According to the report, Trian Fund Management bought his shares in State Street Corporation (NYSE:STT) at around $34 per share. The hedge fund profited from selling its stakes in the custody bank because its current stock price is $20 higher. State Street is currently trading around $56 per share.
Fin alternatives also said the reason behind Trian Fund’s decision to reduce some of its position the custody is unclear, since the current stock price of State Street is still far from its $99 estimate if it would implement its plans.
Back in 2011, Peltz asked State Street to consider some options to boost its profitability including the sale of its investment management division. According to Peltz, State Street focused on boosting its revenue at the expense of profitability and returning capital to shareholders. According to him, despite the leadership of State Street in the industry, it generated negative returns to shareholders.
On January 18, State Street Corporation (NYSE:STT) announced its plan to cut 630 jobs worldwide to improve its earnings because of the negative impact of low interest rates, which reduces its revenue from lending and trading activity of clients.

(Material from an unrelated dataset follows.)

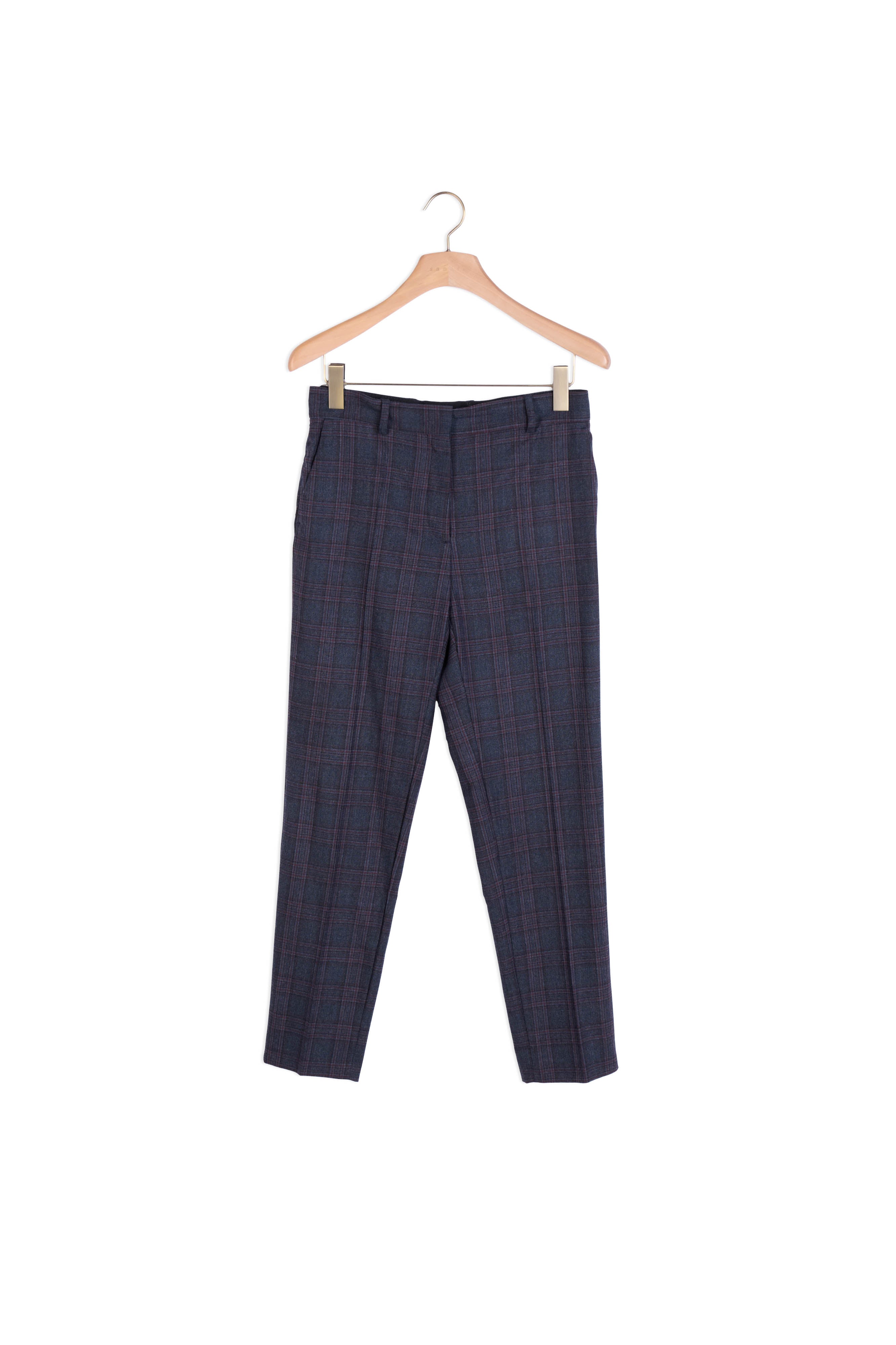 Pantalon de tailleur à carreaux Sandro seconde main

According to Joseph L. Hooley, chairman, president and CEO of State Street, the workforce reduction is part of the company’s strategy to create a “leaner, more efficient, and more profitable enterprise.”
In its filing with the SEC, the company cited that the action would help the custody bank to “better align expenses with its business outlook for 2013.” During the fourth quarter of 2012, the custody bank’s revenue increased by 6 percent to $2.45 billion from its result in the same period in the previous year. Its net income was also higher at $468 million.
Meanwhile, Tian Fund was successful with its activism towards Ingersoll-Rand PLC (NYSE:IR) last year, after the industrial and machinery conglomerate adopted the recommendation of Peltz to spin off its security business.